## WORK TASK
Once the line containing "Banana Republic Womens" is found in the data below, repeat it and every later line exactly, leaving the pictures out.

## DATA EXCERPT
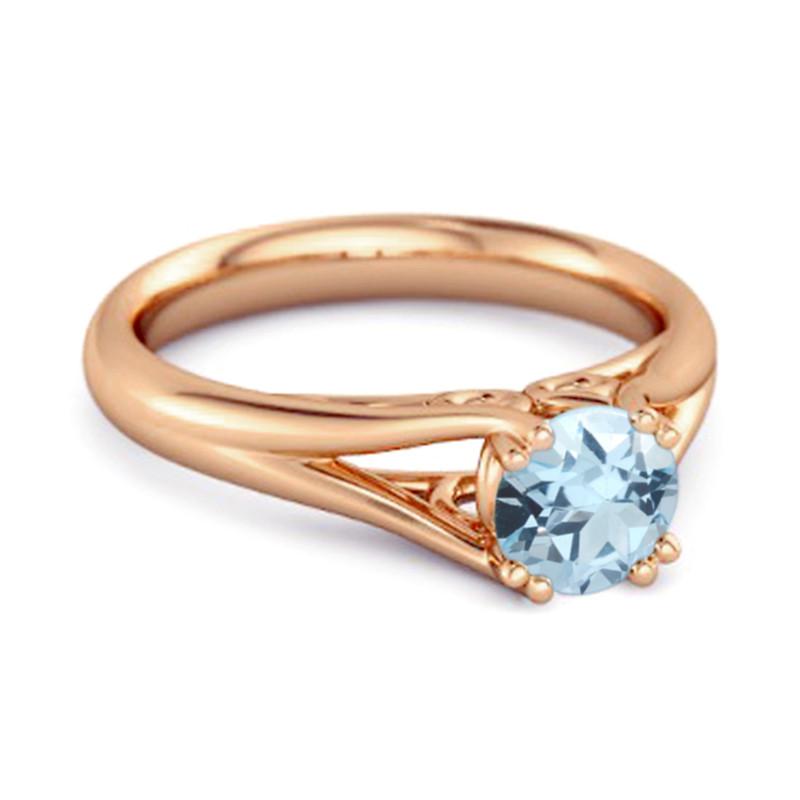 Blue Topaz Elegant Bypass Solitaire Ring - 925 Sterling Silver Rose Gold Vermeil
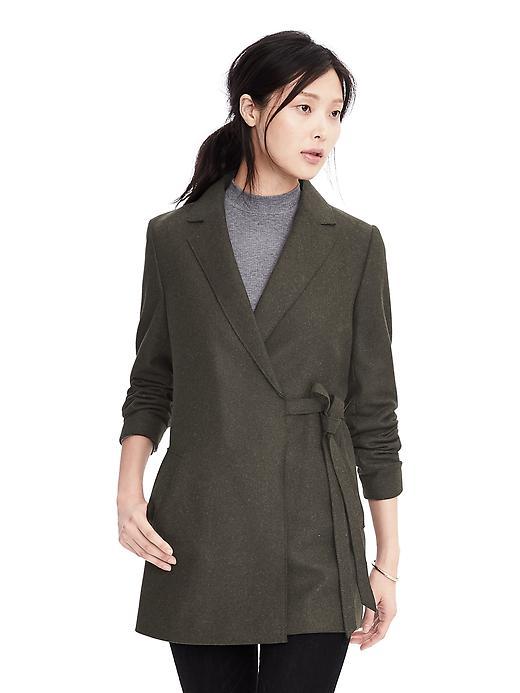 Banana Republic Womens Melton Wool Wrap Jacket - Olive Fall
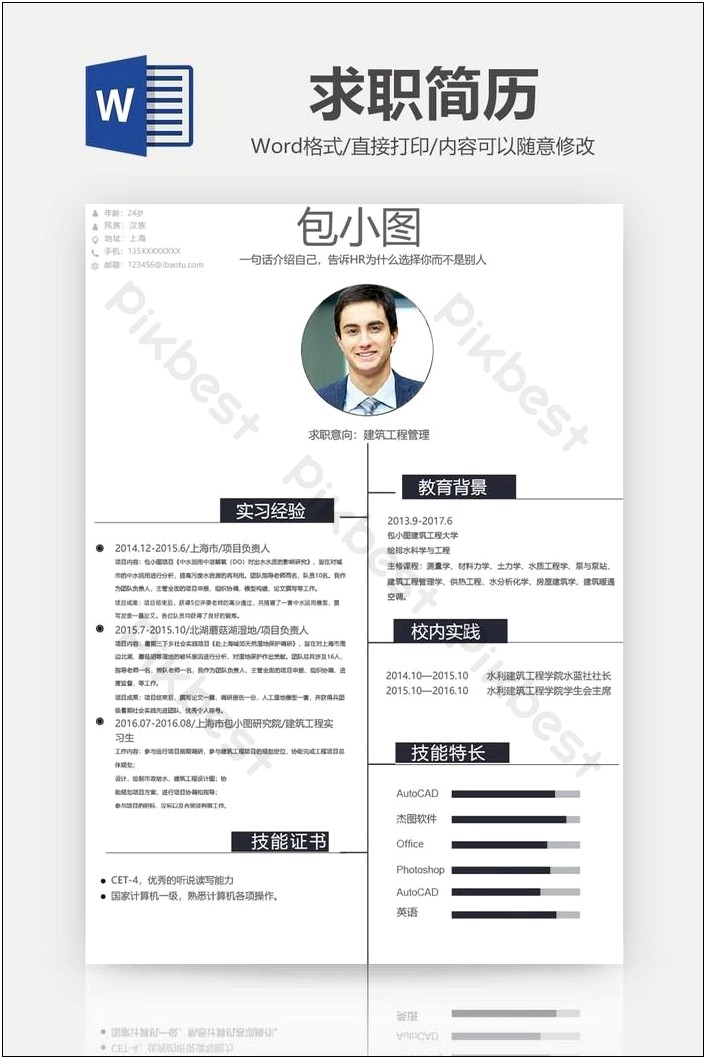 Project Management Resume Template Free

## YOUR SOLUTION
 Banana Republic Womens Melton Wool Wrap Jacket - Olive Fall
 Project Management Resume Template Free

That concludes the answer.